Con harta frecuencia los acaecimientos cotidianos, esos hechos quebradizos la mayoría de las veces, nos hacen tomar actitudes ante un suceso y cambiar el contenido de la cuartilla. Y no ha de ser la primera vez ni la última que tal hecho acontezca en el mismo instante en que comenzamos a construir párrafos sobre el papel en blanco. Hoy ha sucedido ese bamboleo interior.
Teníamos planeado borronear evocaciones vivenciales arrinconadas, esas que se arremolinan en los intervalos en que rebuscamos dentro de un pasado ineludible, o cuando desplegamos añejas impresiones escondidas en las rugosidades de la piel, a recuento de la perezosa existencia en mañanas jadeantes con madrugadas largas, perezosas y apesadumbradas.
Había leído esta pasada noche las páginas de un libro patético titulado “Verano en Baden-Baden”. El escritor nos era desconocido. Solamente escribió ese manojo de cuartillas y no las vio publicadas. El argumento transcurre en dos planos diferentes.

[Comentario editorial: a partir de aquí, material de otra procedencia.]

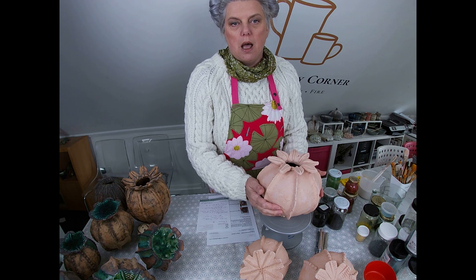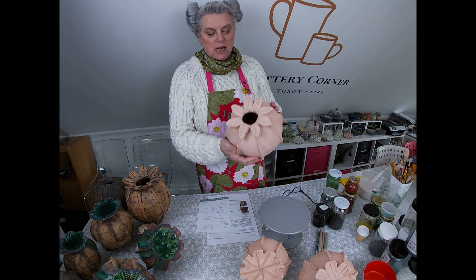Hello everyone and welcome back to the Pottery Corner, my studio down on the south coast near Chichester. Today we are doing part two of the sculptural poppy head tutorial. If you're joining us on part two, have a look at part one — it was published a few weeks ago. I've now had time to dry my demonstrators.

Esta corta croniquilla arranca en 1867 y recrea el viaje que Dostoievski y su joven esposa Ana Grigorievna, hicieron a distintas capitales europeas durante cuatro tormentosos años de “enfermedad, pobreza, juego y lucha contra sus propios fantasmas”; el otro plano recoge el viaje de propio autor de la obra – Leonid Tsypkin – de Moscú a un Leningrado aún herido por los horrores de la II Guerra Mundial, intentando con pasión efervescente reconstruir las huellas del autor de “Crimen y Castigo”.
Un prólogo de la desaparecida y perennemente admirable mujer coraje, Susan Sontag, se envuelve en esa maestría portentosa con la que ella sabía ondular las ideas y macerar con vigor las frases, y así ella, cual si fuera el nigromante bueno de la lámpara que todos alguna veces deseamos frotar, hace de “Un verano en Baden- Baden” una joya literaria. Leer ese introito es viajar con el autor, padecer sus propios sufrimientos, sentir las penurias, celos, remordimientos y soledades de Dostoievski.
Es bien notorio que uno no es una isla; sabemos, a manera del clérigo inglés John Donne, que cuando repiquetean las campanas a muerto - y ese tañir se mantiene de forma cristiana en algunas ciudades y en la mayoría de pueblos de España - su reverberación nos disminuye interiormente al estar ligados esos sonidos a vasos comunicantes invisibles, y aún así certeros dentro del aliento quejumbroso de todo ser sensible a las embestidas que dan los sinsabores vivenciales.
Los versos perdurables Donne deberían ser recordados y musitarlos en nuestro interior, si necesario fuera, en esos instantes de ahogos interiores: “Nunca hagas preguntas por quién doblan las campanas: doblan por ti, por cada uno de nosotros”.
Y al presente, en este mismo intervalo, tras leer los pasos de Fiódor Mijailovich Dostoievski y su perturbadora esposa Ana Grigorievna, trascurrido el suceso durante un veranillo abrumado en la localidad alemana de Baden-Baden, obsesionado el maestro ruso sobre el tapete rojo de una mesa de juego, el retumbo de una campana lúgubre cercan nos apesadumbra.
En esos días y noches interminables de penurias desgarrantes, el escritor inconmensurable no rasgueaba cuadernillos memorables: se hallaba uncido al ensordecedor silencio de unas tintineantes fichas coloreadas, o a las impasibles cartas de póquer en el lóbrego azulino de un casino rutilante.